Exercise inputs ::
....

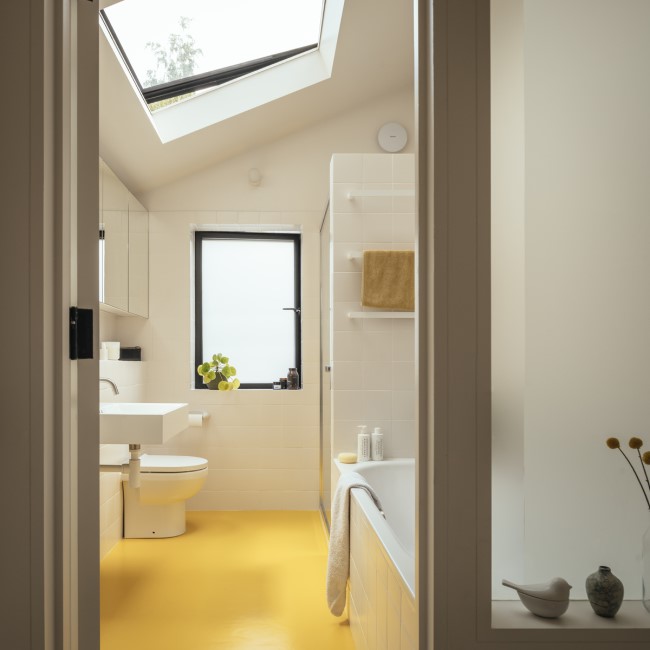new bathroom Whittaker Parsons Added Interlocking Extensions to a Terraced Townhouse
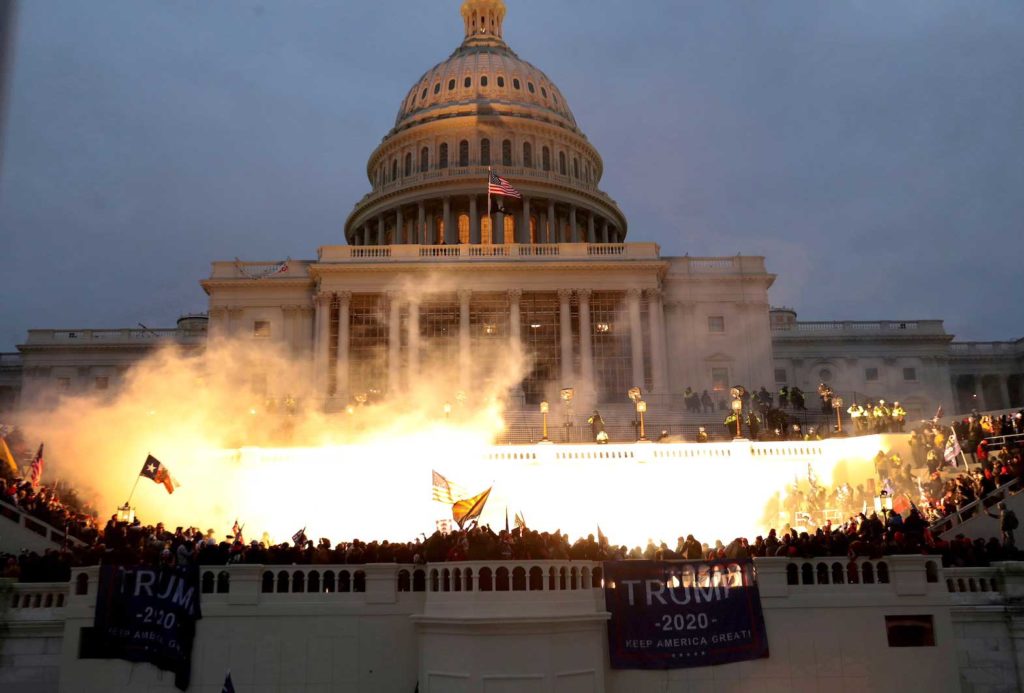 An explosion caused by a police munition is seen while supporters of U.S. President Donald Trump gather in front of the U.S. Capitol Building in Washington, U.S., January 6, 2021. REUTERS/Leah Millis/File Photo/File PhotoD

....

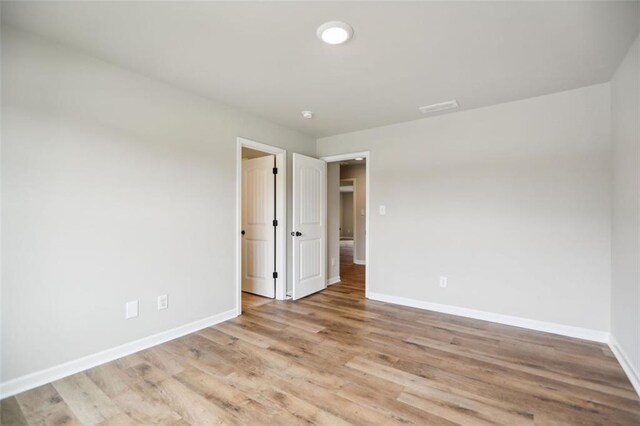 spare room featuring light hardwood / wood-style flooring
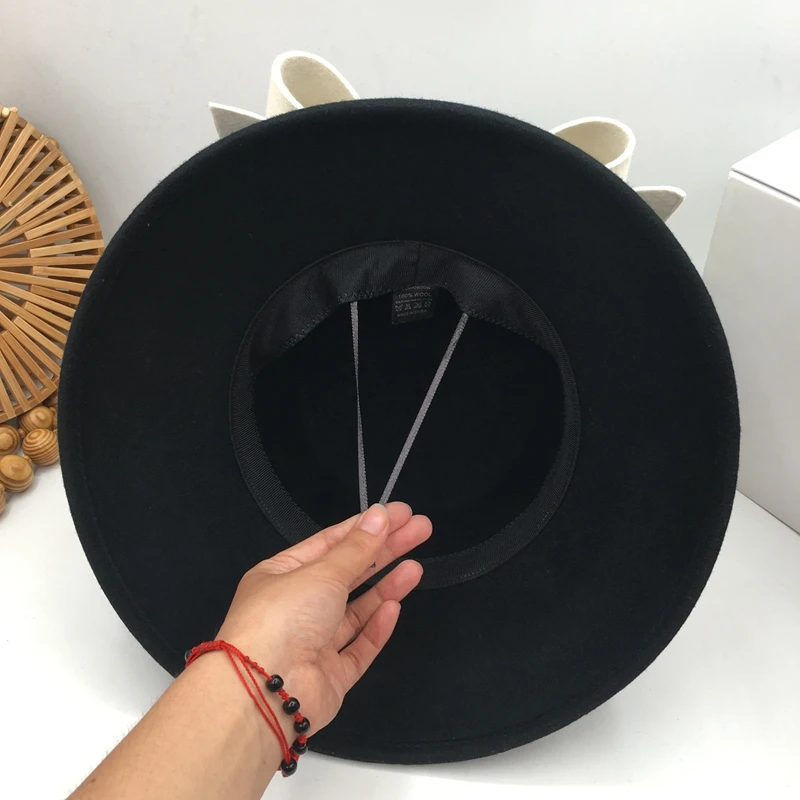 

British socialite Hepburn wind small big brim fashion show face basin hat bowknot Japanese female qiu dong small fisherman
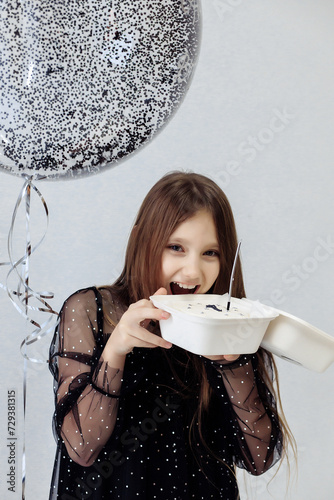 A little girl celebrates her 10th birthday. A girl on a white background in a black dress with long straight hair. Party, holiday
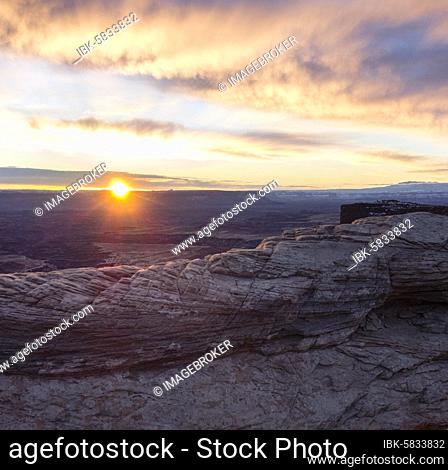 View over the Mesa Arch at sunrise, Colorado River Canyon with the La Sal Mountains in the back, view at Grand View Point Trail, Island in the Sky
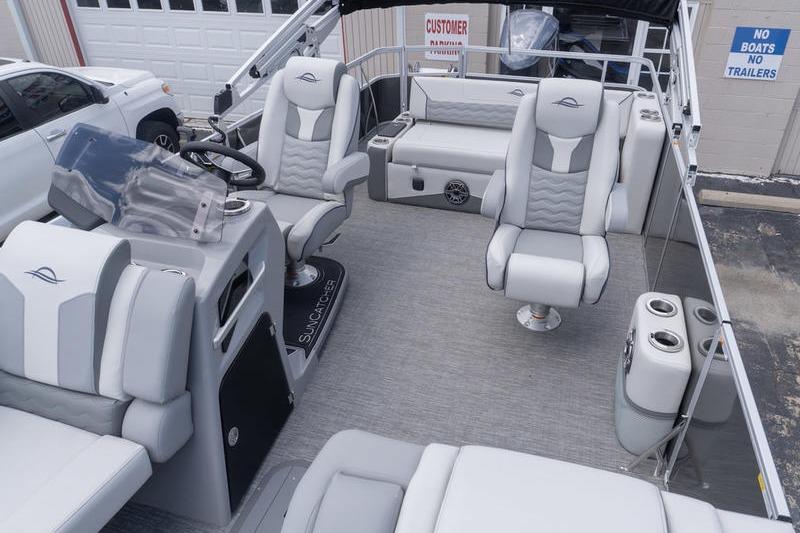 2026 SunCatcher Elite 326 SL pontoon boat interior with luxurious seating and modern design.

....

Requirement :: Each line from the one that contains "spare room featuring" down to the one that contains "2026 SunCatcher Elite" is to be returned exactly as it stands above, both ends included, with pictures removed.

Answer space ::
 spare room featuring light hardwood / wood-style flooring

British socialite Hepburn wind small big brim fashion show face basin hat bowknot Japanese female qiu dong small fisherman
 A little girl celebrates her 10th birthday. A girl on a white background in a black dress with long straight hair. Party, holiday
 View over the Mesa Arch at sunrise, Colorado River Canyon with the La Sal Mountains in the back, view at Grand View Point Trail, Island in the Sky
 2026 SunCatcher Elite 326 SL pontoon boat interior with luxurious seating and modern design.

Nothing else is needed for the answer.